Activity →
Write every line below out again, exactly as given, but leave out the pictures.

Recorded data →
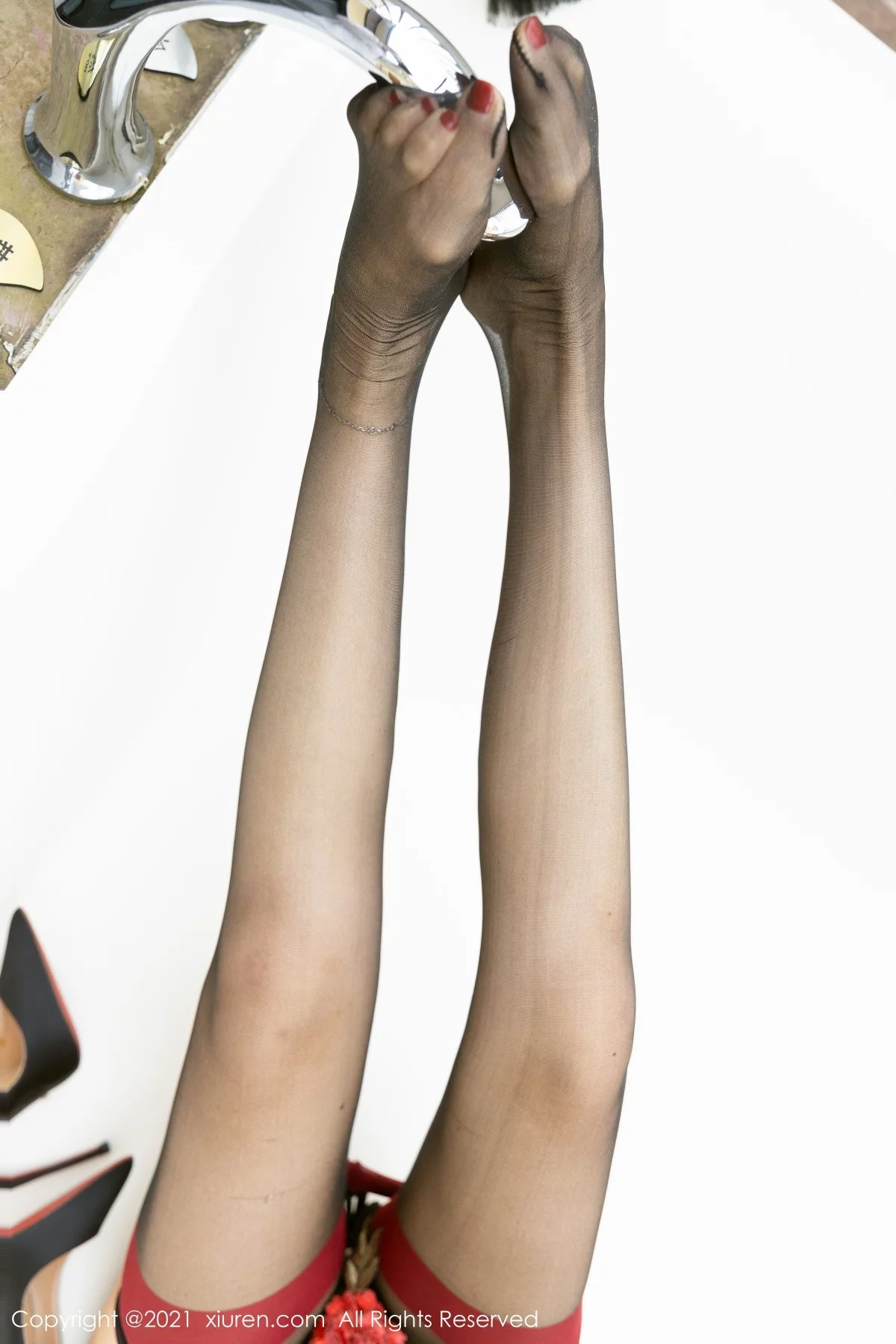 [[XiuRen秀人网]秀人网]No.4335_模特艾静香成都旅拍私房透明黑纱半脱露情趣花朵内衣诱惑写真50P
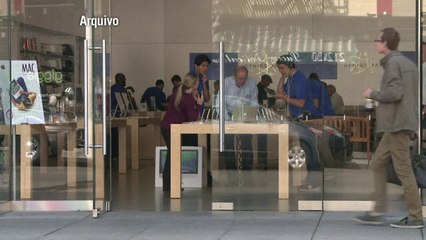 Apple admite falhas em novo software do iPhone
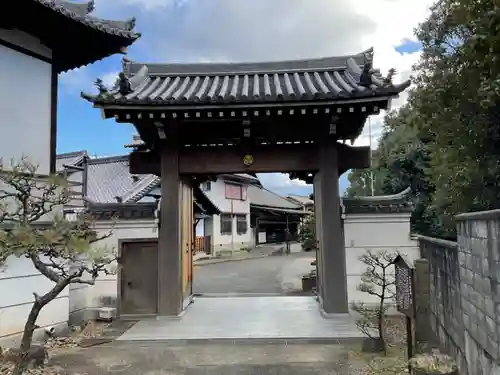 念仏寺の山門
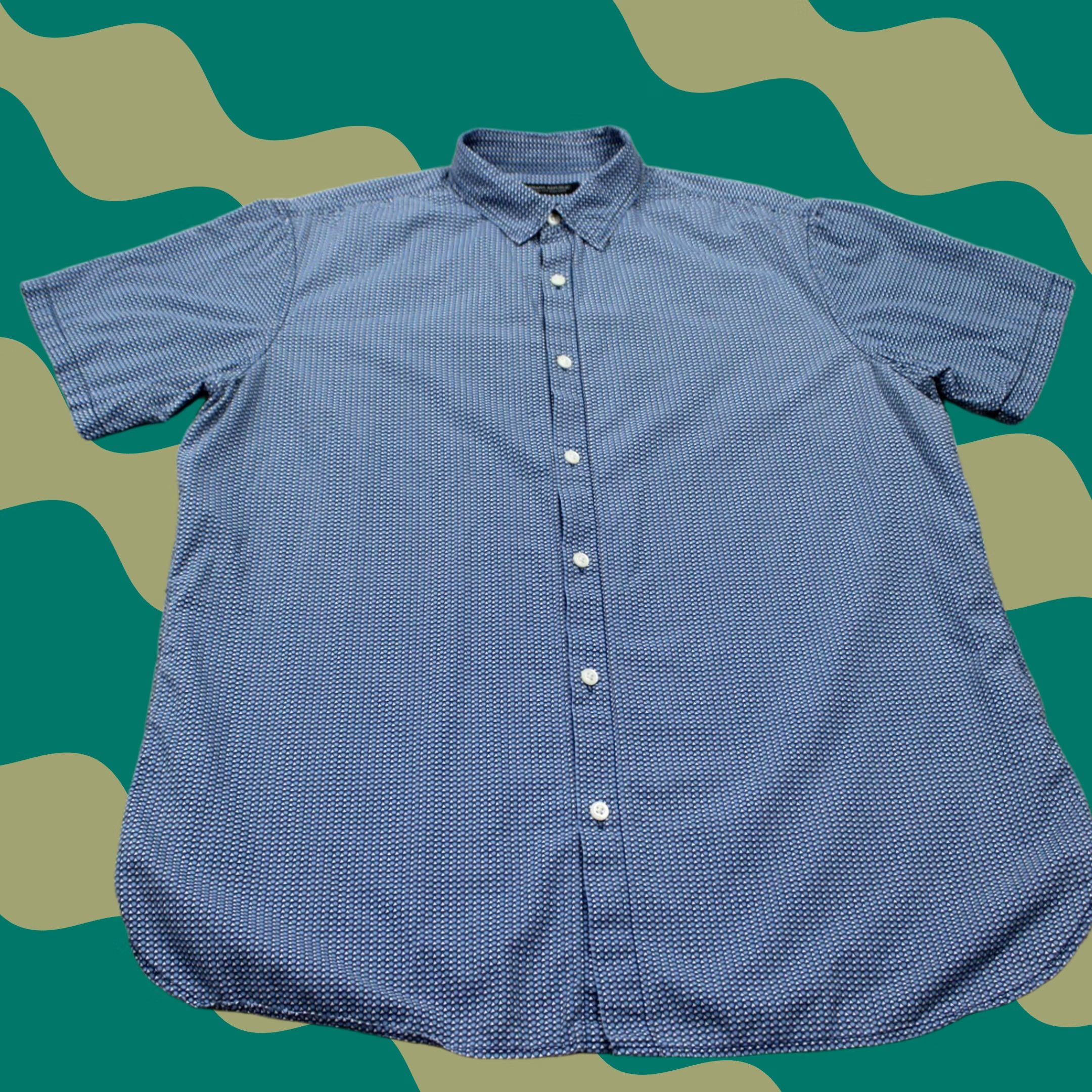 Banana Republic Banana Republic Mens Large Blue Custom 078 Wash Camden Fit Short Sleeve Size US L / EU 52-54 / 3 - 1 Thumbnail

Exercise result →
 [[XiuRen秀人网]秀人网]No.4335_模特艾静香成都旅拍私房透明黑纱半脱露情趣花朵内衣诱惑写真50P
 Apple admite falhas em novo software do iPhone
 念仏寺の山門
 Banana Republic Banana Republic Mens Large Blue Custom 078 Wash Camden Fit Short Sleeve Size US L / EU 52-54 / 3 - 1 Thumbnail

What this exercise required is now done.